▶ _PROVIDED MATERIAL_:
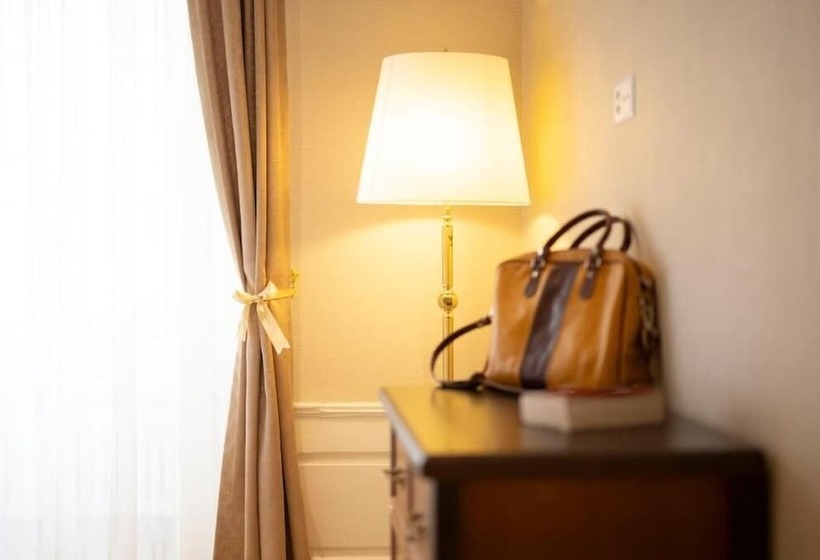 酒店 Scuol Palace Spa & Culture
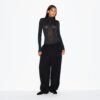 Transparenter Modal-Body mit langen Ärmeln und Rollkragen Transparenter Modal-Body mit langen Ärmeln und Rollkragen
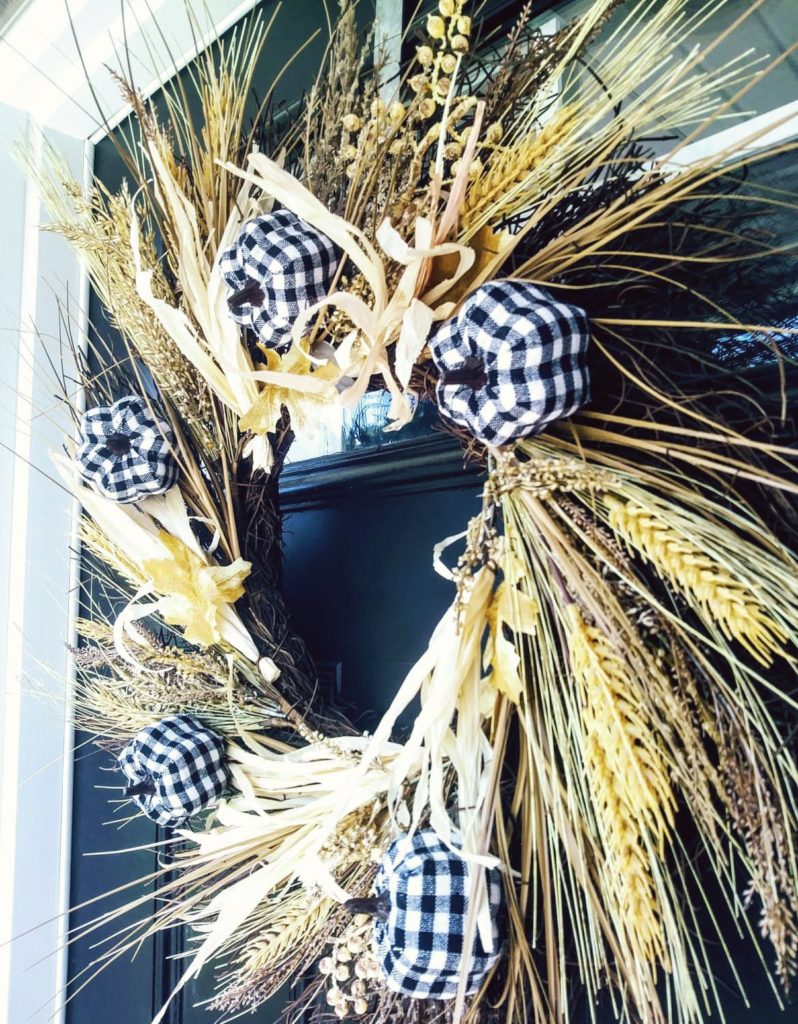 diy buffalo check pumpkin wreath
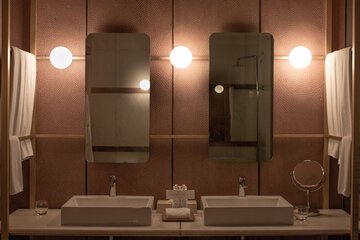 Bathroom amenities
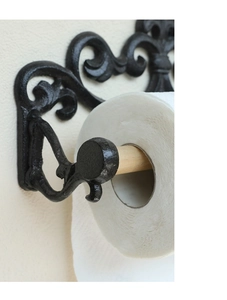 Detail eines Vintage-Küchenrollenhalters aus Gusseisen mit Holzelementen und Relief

▶ _TASK STATEMENT_:
Repeat the records above word for word, apart from the pictures.

▶ _OUTPUT OF THE EXERCISE_:
 酒店 Scuol Palace Spa & Culture
 Transparenter Modal-Body mit langen Ärmeln und Rollkragen Transparenter Modal-Body mit langen Ärmeln und Rollkragen
 diy buffalo check pumpkin wreath
 Bathroom amenities
 Detail eines Vintage-Küchenrollenhalters aus Gusseisen mit Holzelementen und Relief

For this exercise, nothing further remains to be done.